The Electrification of Transportation and Mobility

March 31, 2021
Electric vehicles are expanding beyond the personal market into trucks, buses, and other forms of mobility. Discover the technological and design challenges that come with transforming manufacturing of internal combustion engine cars to EV.

Transportation is being electrified, with an increasing number of all types of vehicles that have traditionally been powered by fossil fuel making the transition to electrification, and this trend will continue to surge into this decade. 

While more electric vehicles (EVs) are hitting the personal vehicle market, the growth is surging in trucks, buses, and other forms of mobility. Today, we are also witnessing EV technology moving to areas of transportation such as electrified aircraft, enabled by a new generation of lightweight and powerful electric motors.

For car makers to develop the next generation of EVs, they must have the design/build technology that allows their engineers to design all elements of an electric powered vehicle. This would include all aspects of EV engineering—from electric powertrain to electrical/electronic system architecture to vehicle engineering, battery, and thermal engineering, along with simulation tools for every stage of EV development. PLM market leaders like Dassault Systèmes and Siemens Digital Industries Software are currently providing electrification design tools and solutions across all areas of EV design, development, and engineering.  

As auto OEMs prepare to ramp up production, some are re-prioritizing EV production lines to meet the expected strong demand and to fulfill regional regulatory requirements, such as the EU’s strict target for CO2 emissions. While the overall number of EV sales has declined in China and Europe during this crisis period, the actual market share for EVs has risen, and post-pandemic demand is expected to take off. 

EU leaders have maintained a strict fleetwide CO2-emission target of 95 grams of CO2 per kilometer by 2021. Many major EU-based OEMs have publicly committed to reaching that target and have rolled out an unprecedented number of battery-powered and plug-in hybrid EV models. Additionally, EU governments have introduced new purchase subsidies, tax credits, or a combination of incentives to encourage EV adoption. These incentives, combined with the increase in EV models, has led to an upsurge in consumer demand—despite the continued COVID-19 pandemic. 

Next generation tools will drive electrification 
Designing and building electric vehicles that will ultimately replace internal combustion engine (ICE) vehicles presents a formidable set of technological challenges. It not only requires a new set of technologies to address the electrification of the vehicle, but it requires developing and building a completely new infrastructure to keep EVs on the road and running efficiently. Car makers must completely re-think vehicle engineering and the vehicle experience for the driver while trying to keep the existing DNA of their car brands as they convert iconic brands to electric drives. 

The design of an electric vehicle involves the engineering and integration of all the elements required to produce an EV. This would include the electric drive train, inverter, battery cells and battery pack, onboard charger, chassis design, package and body design, HVAC systems, and DC-DC converter for onboard systems. Each one of these areas poses specific engineering and technological challenges and requires design tools that address the systems engineering requirements for integrating functional, logical, and physical systems to meet full vehicle integration. 

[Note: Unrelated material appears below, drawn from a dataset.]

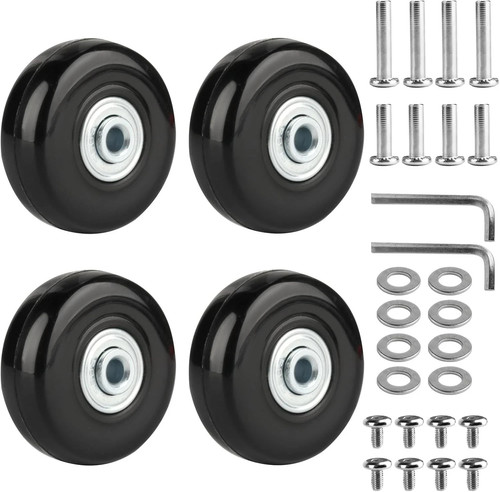 50x18mm luggage wheels set - 50x18mm,
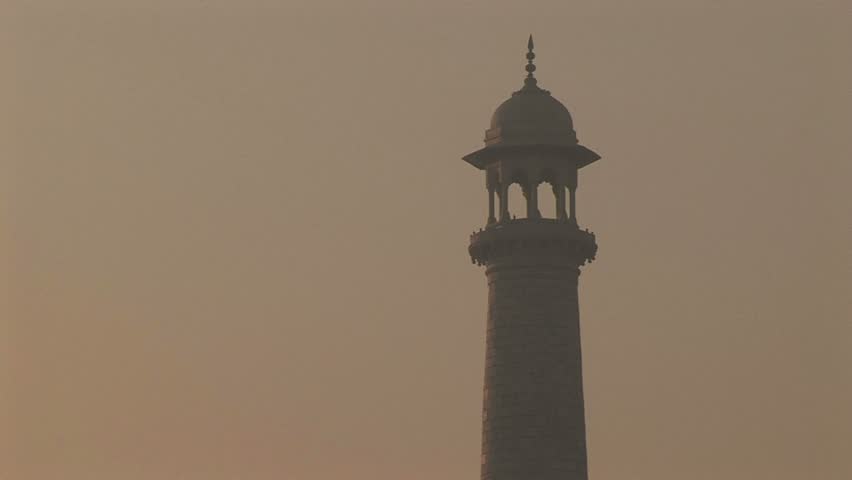 single Taj Mahal Minaret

For example, the electric powertrain design process involves integration of complex engineering designs for motors, gears, torque converters, and other components with powertrain control system design, and electronics and performance design. Further, the electric drive design must consider factors such as thermal requirements and constraints, electric ripples, packaging, scalability, a common-part strategy, and manufacturability. Electric motor torque requirements in the overall drivetrain of the vehicle present engineering challenges. There can be no loss of power compared to ICE drivetrains. Passenger space cannot be compromised by drivetrain and battery pack requirements, and the overall cost to produce the EV must be managed within the context of design requirements. All of this requires robust design/build tools that can address the challenges of integrated electrification design.

Battery cell and battery pack engineering presents some unique challenges to EV design. Battery packs must be engineered to maintain temperature gradients of less than two degrees, as temperature variants can have significant effect on battery performance. Additionally, battery packs must be designed to meet ridged safety specifications in terms of thermal states and durability. 

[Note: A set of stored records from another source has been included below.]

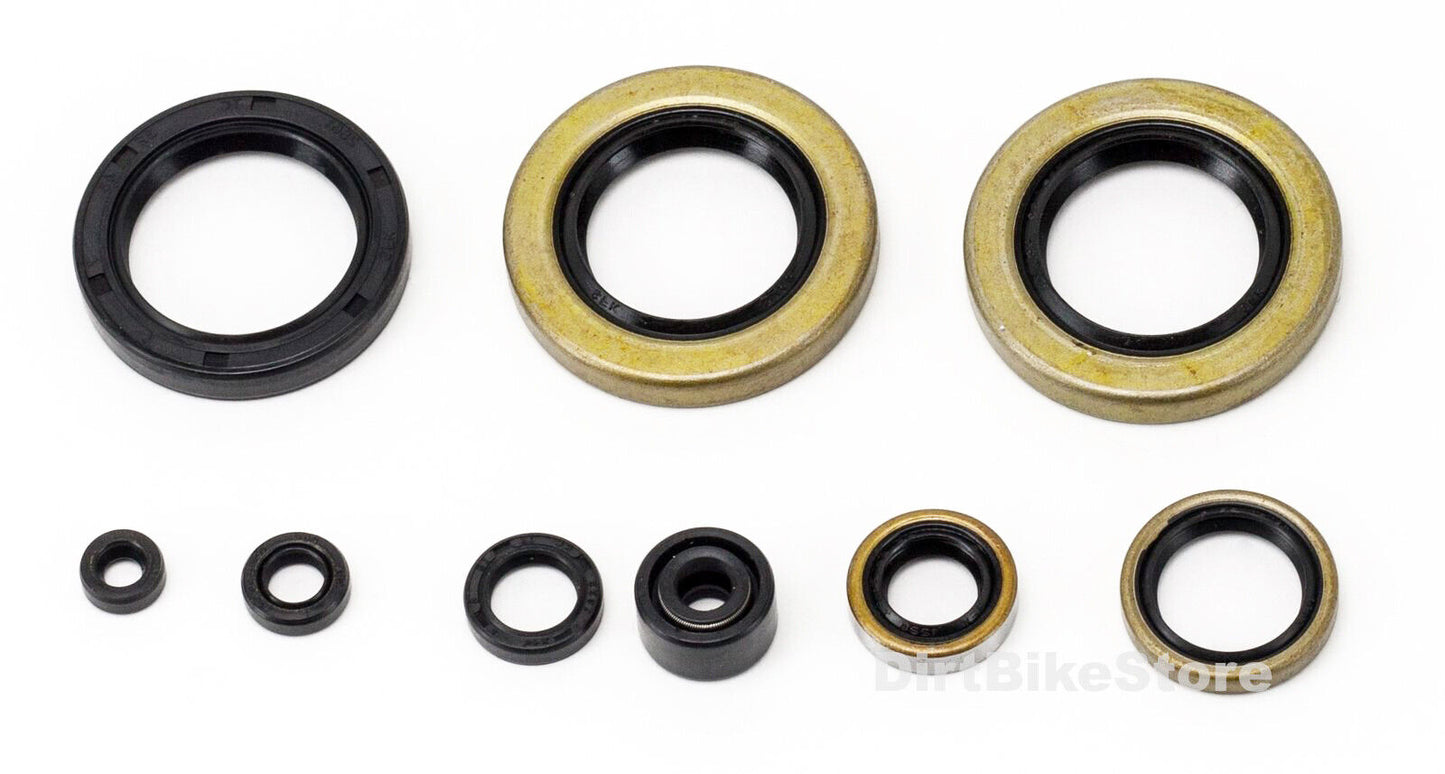 Kawasaki KX 500 ( 1986 1987 1988 ) FULL Engine Oil Seal Set Kit x 9 Pieces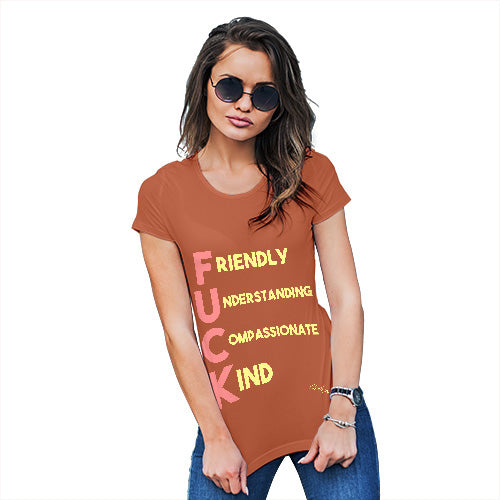 F-ck Acrostic Poem Women's T-Shirt 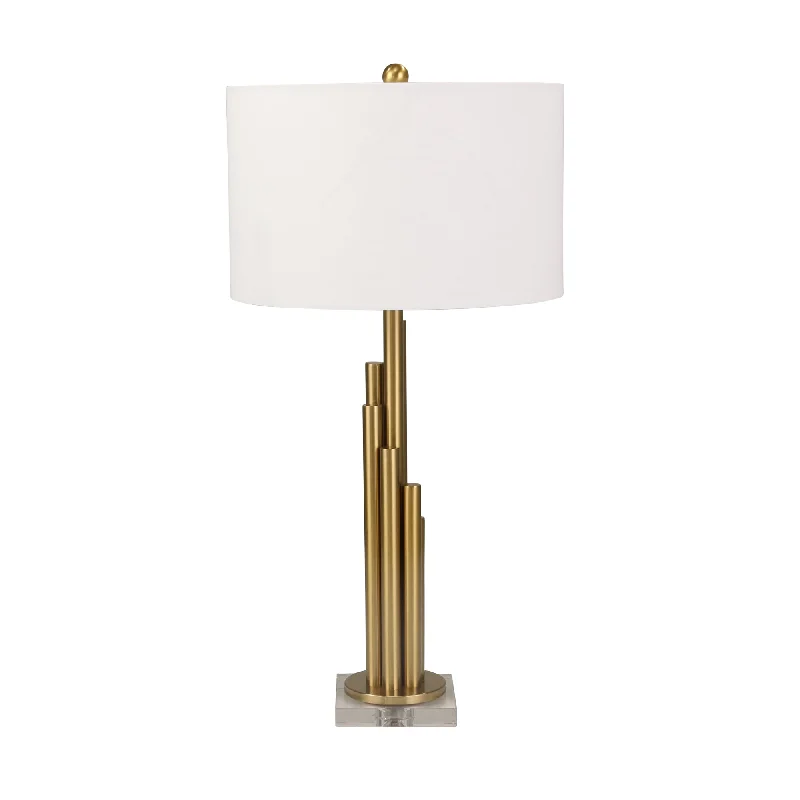 rustic farmhouse table lamps for cozy kitchensrustic farmhouse table lamps for cozy kitchensSagebrook Home Metal 32`` Art Deco Table Lamp,Gold
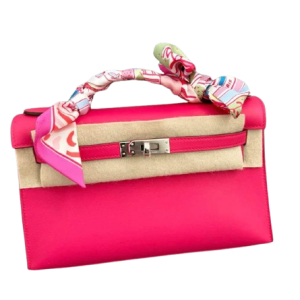 Hermès Kelly Pochette Rose Extreme I6 Swift 2024 W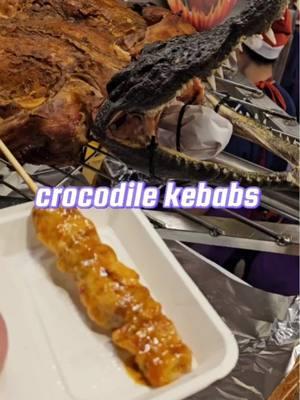 Happy new year 🎉  **Surprise food in thailand #thailand #crocodile #kebab  #Bangkok #food #thailand 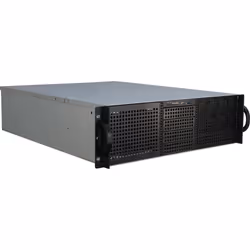 Inter-Tech 3U-30240, Support, Serveur, Noir, ATX, Flex-ATX, micro ATX, Mini-ATX, Mini-ITX, Acier, 3U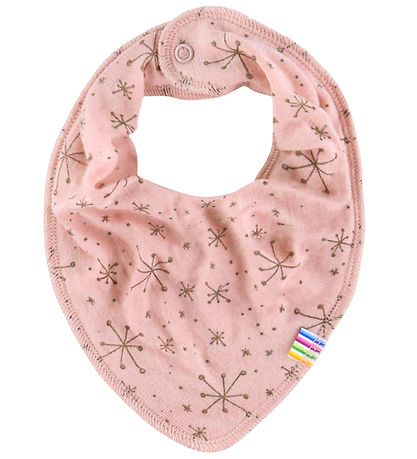 Joha Babylätzchen - Wolle - Rosa m. Sternen Joha Babylätzchen - Wolle - Rosa m. Sternen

The manufacture of batteries for the EV industry is a unique process which begins with the active material manufacturers finding the right source of natural materials to power battery cells. Battery cell manufacturers provide the basic battery power that serves multiple industries, in this case, EVs. Battery module/pack assemblers provide the battery pack configurations that meet the design requirements specified by EV designers for specific vehicles, and the overall transportation and mobility industry.

Recommendations
While the electrification of mobility is focused primarily on the EV market and the automotive industry that produces these vehicles today, manufacturers across all areas of transportation should be aware that the long-term outlook is for the electrification of all modes of mobility. ICE powered vehicles dependent upon fossil fuels will eventually be phased out, even if that is most likely several decades away. Meanwhile, the technology of electrification will continue to progress, enabling a host of opportunities for new business and manufacturing advancement.